Material to process section start

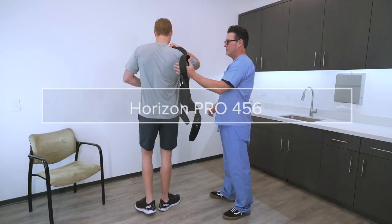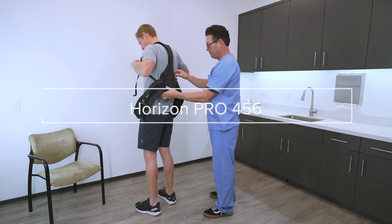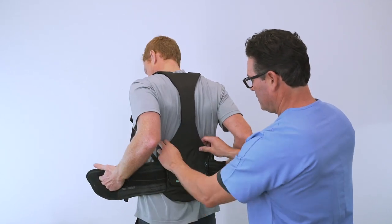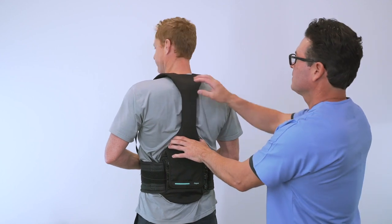The Horizon Pro 456 TLSO is easily applied like a jacket or a backpack. Start by positioning the belt as shown previously. It is not necessary to tighten with the pull tabs at this time.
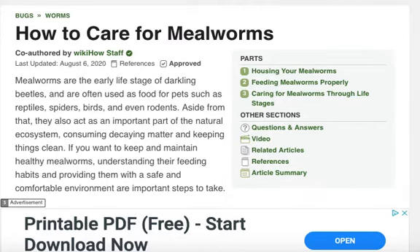Care for mealworms. Mealworms are the early life stage of darkling beetles and are often used as food for pets such as reptiles, spiders, birds, and even rodents.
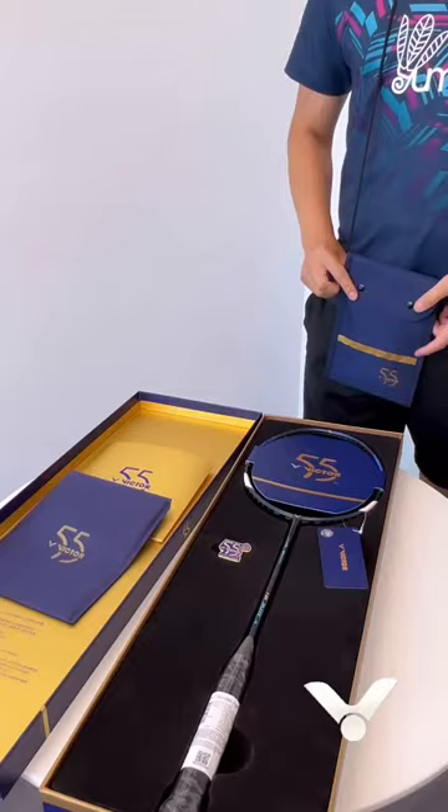So all in all, this is the 55th year anniversary gift box by Victor. That's it for today — thank you for watching. If you're interested, check out umo.ca for more information on either of the gift boxes. We'll continue to work hard to make more fun videos for y'all. See you next time.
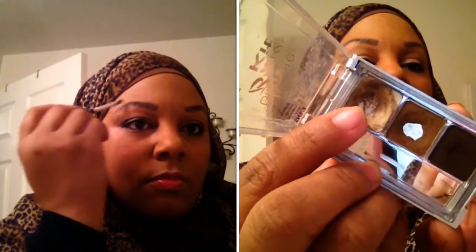With this kit it comes with a wax-based product, and I just take a little bit of it and rub it over the hairs to kind of lay them down a little bit — and that is all.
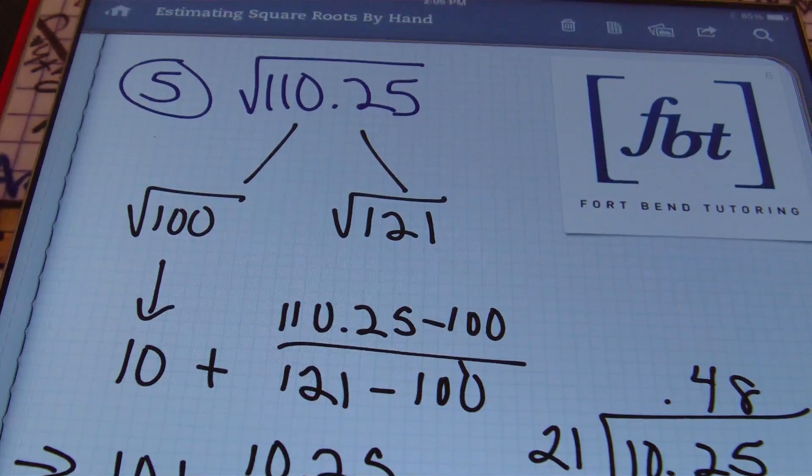This concludes estimating square roots by hand to the nearest tenth. This is Mr. Witt with Fort Bend Tutoring — please rate, comment, and definitely subscribe, and if you're able, please donate.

Material to process section end

If pictures are present, they are dropped, and the entries above are written out word for word.

▶ **Answer section**
The Horizon Pro 456 TLSO is easily applied like a jacket or a backpack. Start by positioning the belt as shown previously. It is not necessary to tighten with the pull tabs at this time.
Care for mealworms. Mealworms are the early life stage of darkling beetles and are often used as food for pets such as reptiles, spiders, birds, and even rodents.
So all in all, this is the 55th year anniversary gift box by Victor. That's it for today — thank you for watching. If you're interested, check out umo.ca for more information on either of the gift boxes. We'll continue to work hard to make more fun videos for y'all. See you next time.
With this kit it comes with a wax-based product, and I just take a little bit of it and rub it over the hairs to kind of lay them down a little bit — and that is all.
This concludes estimating square roots by hand to the nearest tenth. This is Mr. Witt with Fort Bend Tutoring — please rate, comment, and definitely subscribe, and if you're able, please donate.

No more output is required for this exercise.